Cutting Costs, Not Corners: How We Migrated Our AI Document Pipeline from AWS to Cloudfleet
Introduction aka TL;DR;
In January, we handled almost twice the workload we handled in December at a fifth of the cost.

Background
In the world of AI-driven building intelligence, “efficiency” isn’t just a buzzword—it’s our product. At Findable, we help asset managers and property owners automate their documentation, turning chaotic pile-ups of PDFs and many other file types into structured, actionable data in minutes.
But while our AI was busy optimizing our customers' operations, our own infrastructure bill was doing the opposite.
We recently completed a major migration of our core document processing pipeline from a serverless AWS stack to a Cloudfleet Kubernetes cluster mainly running on Hetzner. The move has not only slashed our infrastructure costs but also simplified our deployment model and increased our system's reliability.
Here is why we moved, how we did it, and why technical leaders should look beyond the “Big Three” clouds for high-performance workloads.
The Challenge: The “Serverless” Tax at Scale
Our previous pipeline was a textbook AWS serverless architecture: AWS CDK for infrastructure (yes, of course we considered Terrafrom, but config files are not code), with logic distributed across SQS, ECS Fargate, Lambda, and EventBridge.
While this setup was easy to bootstrap, it became increasingly complex and expensive as we scaled. Document processing is a variable workload; one minute we are idle, and the next we are ingesting terabytes of documentation from a new property portfolio.
- Cost: Fargate and Lambda compute costs are significantly higher per vCPU-hour compared to bare metal or standard VMs.
- Complexity: Managing state across stateless functions required a web of SQS queues and EventBridge rules that was becoming hard to reason about and debug.
- Developer Experience: While we had a full CI/CD using Github workflows, the deployment time for some of the services was very long because CDK would always build all the docker images for Fargate. Waiting more than an hour for a build is not good. Deploying to our development environment now takes less than 5 minutes while rolling to production is a matter of restarting pods.
The Solution: Cloudfleet + Temporal
We moved to a Cloudfleet Kubernetes cluster backed by Hetzner nodes. Cloudfleet gives us the “managed” feel of EKS or GKE—handling the control plane and complexity—while allowing us to leverage Hetzner’s incredible price-to-performance ratio. I have to note that we never used k8s in AWS, Fargate on ECS was our choice.
To orchestrate the workload, we replaced our SQS/Lambda glue with Temporal.
Why Temporal?
For a document pipeline like ours, Temporal is a game-changer. Instead of chaining stateless functions with queues, Temporal allows us to write “durable workflows” as code.
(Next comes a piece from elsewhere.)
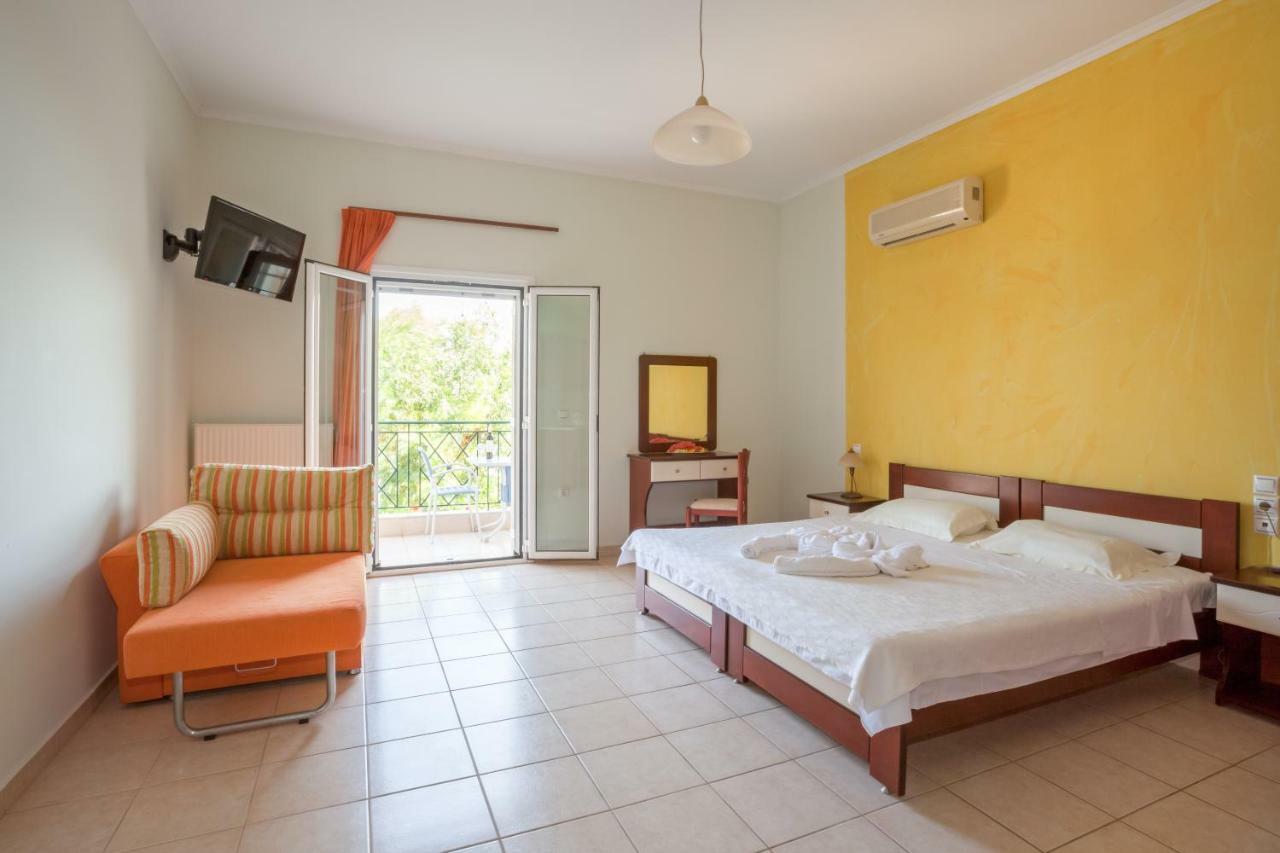 Lazaratos Hotel Kouvalata Buitenkant foto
- Reliability: Retries, timeouts, and error handling are built-in. If a worker node dies mid-OCR, Temporal simply replays the execution on a new node without data loss.
- Visibility: We can see exactly where a specific document is in the pipeline (OCR, Classification, Extraction) without first peeking at a message in a DQL before grepping through CloudWatch logs.
Infrastructure as Code: From CDK to Pulumi
We bid farewell to AWS CDK and adopted Pulumi for our new infrastructure. Pulumi allows us to use familiar programming languages (TypeScript/Python) to define our Cloudfleet and Hetzner resources. For deployment, we shifted to direct kubectl commands, giving us granular control over our rollout strategies without the abstraction overhead. We still use Github workflows, but we only build and deploy changed code. And best of all, deploying to production is now a matter of setting a tag on the image we have built and tested.
The “Auto-Scaling” Magic
One fear of leaving AWS Fargate is losing that effortless scaling. Cloudfleet solves this with automatic node provisioning.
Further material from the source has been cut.